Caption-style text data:
◆ ◆ ◆

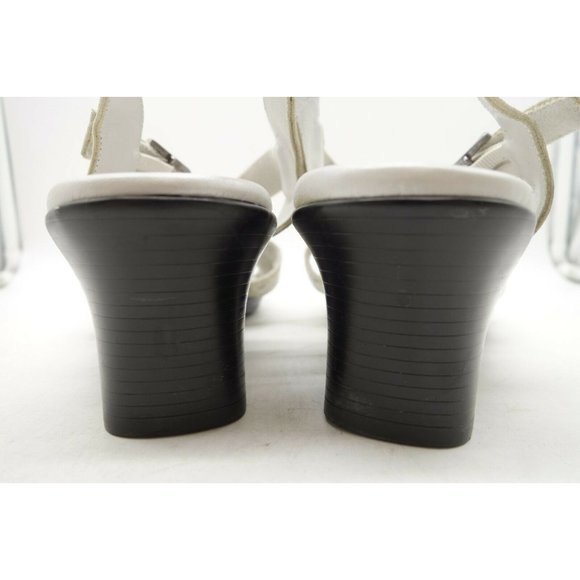 Munro Silver White Sandals Women's 10 M - Picture 11 of 11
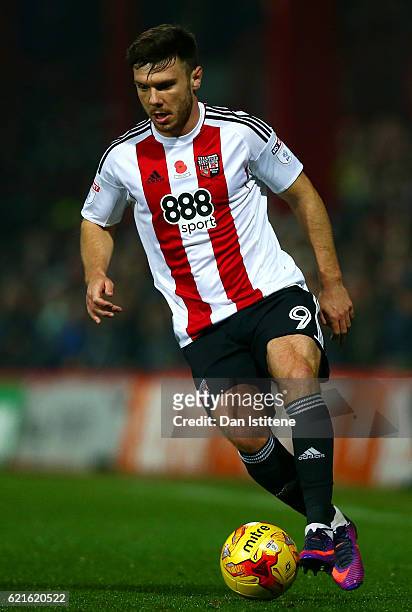 Scott Hogan of Brentford in actiion during the Sky Bet Championship match between Brentford and Fulham at Griffin Park on November 4, 2016 in...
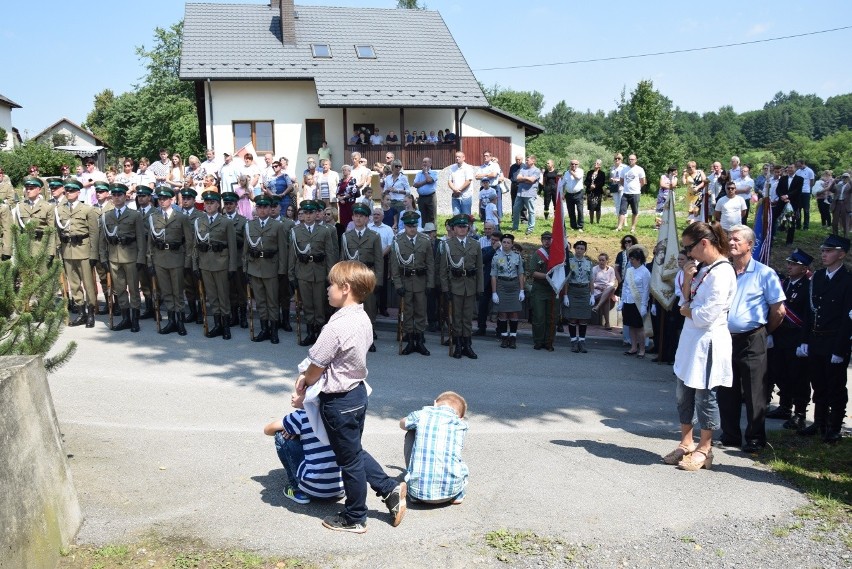 Hołd dla 30 ofiar pacyfikacji Radwanowic w miejscu kaźni hitlerowskiej. Wspomnienia bestialskiego mordu [ZDJĘCIA] 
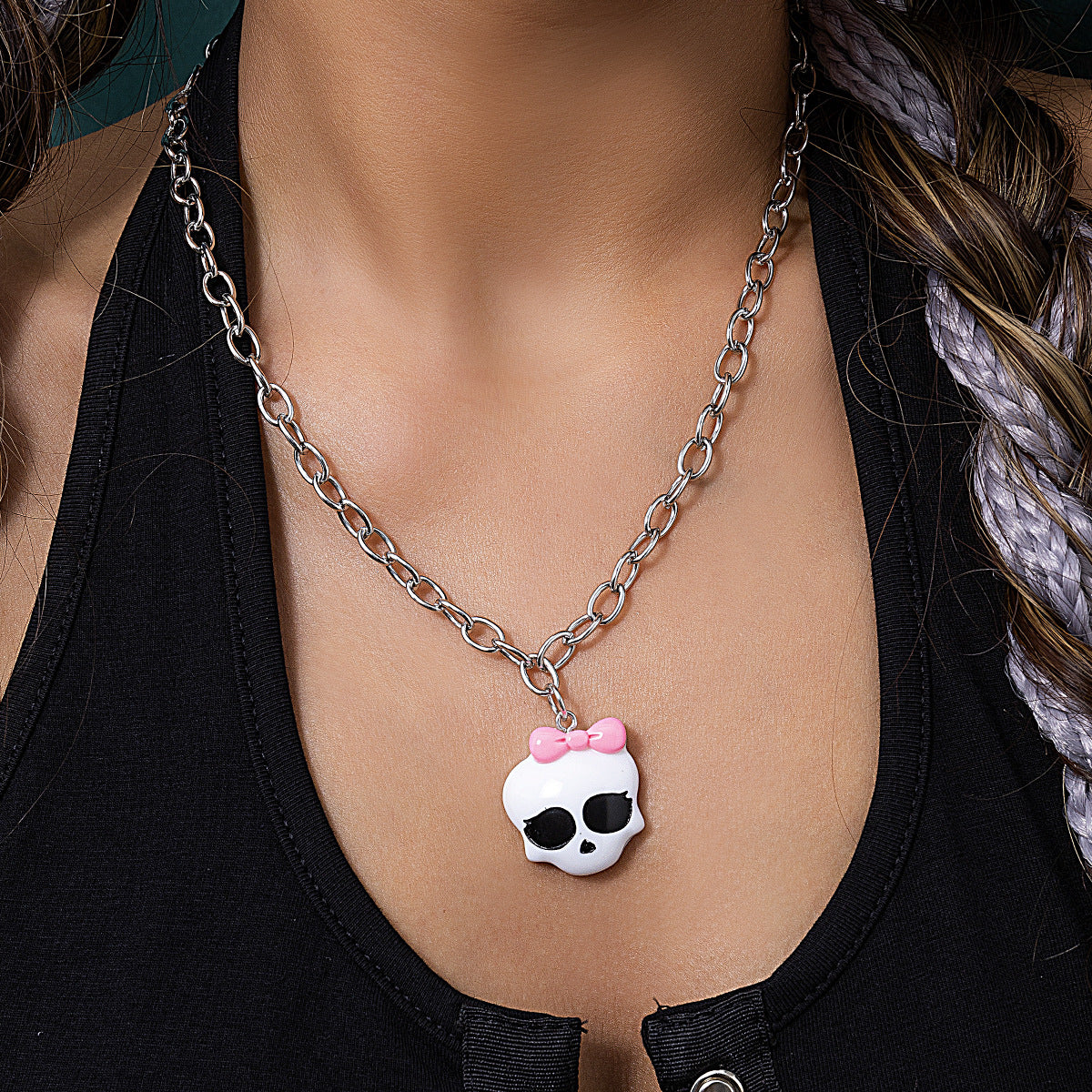 Planderful 3D Acrylic Alien Necklace For Halloween Fans Bold Statement Pendant Trendy Gift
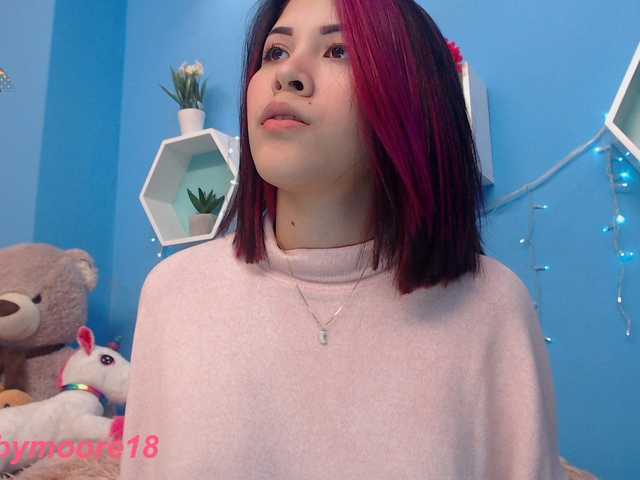 Zrzuty ekranu transmisji ElifMoore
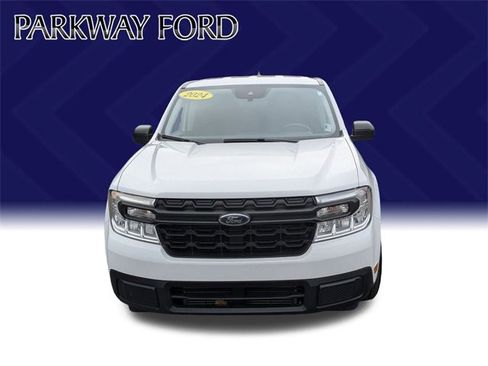 Used 2024 Ford Maverick XL image 2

◆ ◆ ◆

Problem description
This exercise calls for a verbatim output of the entries, pictures omitted.

Task solution
 Munro Silver White Sandals Women's 10 M - Picture 11 of 11
 Scott Hogan of Brentford in actiion during the Sky Bet Championship match between Brentford and Fulham at Griffin Park on November 4, 2016 in...
 Hołd dla 30 ofiar pacyfikacji Radwanowic w miejscu kaźni hitlerowskiej. Wspomnienia bestialskiego mordu [ZDJĘCIA] 
 Planderful 3D Acrylic Alien Necklace For Halloween Fans Bold Statement Pendant Trendy Gift
 Zrzuty ekranu transmisji ElifMoore
 Used 2024 Ford Maverick XL image 2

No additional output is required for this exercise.